Task instructions
Each line from the one containing "Ptolemy World map." through the last line of the material below is to be transcribed exactly, with nothing else included.
_____
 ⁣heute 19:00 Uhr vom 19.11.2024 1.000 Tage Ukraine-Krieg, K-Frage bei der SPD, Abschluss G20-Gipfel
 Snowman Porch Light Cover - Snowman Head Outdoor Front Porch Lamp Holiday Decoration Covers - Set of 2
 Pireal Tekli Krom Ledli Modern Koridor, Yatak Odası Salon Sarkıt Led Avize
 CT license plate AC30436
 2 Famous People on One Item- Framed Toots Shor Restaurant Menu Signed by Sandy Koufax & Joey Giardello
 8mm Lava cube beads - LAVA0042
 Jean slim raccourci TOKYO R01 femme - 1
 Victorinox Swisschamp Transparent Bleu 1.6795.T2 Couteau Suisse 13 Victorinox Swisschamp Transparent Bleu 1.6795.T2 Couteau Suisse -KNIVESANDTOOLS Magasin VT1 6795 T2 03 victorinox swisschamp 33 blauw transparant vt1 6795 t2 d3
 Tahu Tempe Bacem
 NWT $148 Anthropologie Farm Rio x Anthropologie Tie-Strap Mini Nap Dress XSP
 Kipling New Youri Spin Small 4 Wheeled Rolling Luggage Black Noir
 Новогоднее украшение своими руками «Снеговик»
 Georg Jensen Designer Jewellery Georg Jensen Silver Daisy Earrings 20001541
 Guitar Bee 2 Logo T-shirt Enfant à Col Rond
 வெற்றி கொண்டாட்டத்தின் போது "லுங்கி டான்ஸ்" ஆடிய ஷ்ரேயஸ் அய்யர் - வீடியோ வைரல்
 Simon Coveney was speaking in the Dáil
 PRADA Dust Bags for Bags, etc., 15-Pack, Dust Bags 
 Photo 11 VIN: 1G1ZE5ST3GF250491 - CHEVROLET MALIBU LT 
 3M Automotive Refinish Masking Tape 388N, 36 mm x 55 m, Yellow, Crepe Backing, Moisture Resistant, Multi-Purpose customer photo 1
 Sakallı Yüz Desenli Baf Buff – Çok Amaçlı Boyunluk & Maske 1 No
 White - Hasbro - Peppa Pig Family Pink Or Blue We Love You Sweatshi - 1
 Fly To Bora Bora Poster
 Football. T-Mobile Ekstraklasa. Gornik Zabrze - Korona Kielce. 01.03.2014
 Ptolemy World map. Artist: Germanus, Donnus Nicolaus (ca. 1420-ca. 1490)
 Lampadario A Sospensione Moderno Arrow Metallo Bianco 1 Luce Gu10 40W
_____
Answer to this task
 Ptolemy World map. Artist: Germanus, Donnus Nicolaus (ca. 1420-ca. 1490)
 Lampadario A Sospensione Moderno Arrow Metallo Bianco 1 Luce Gu10 40W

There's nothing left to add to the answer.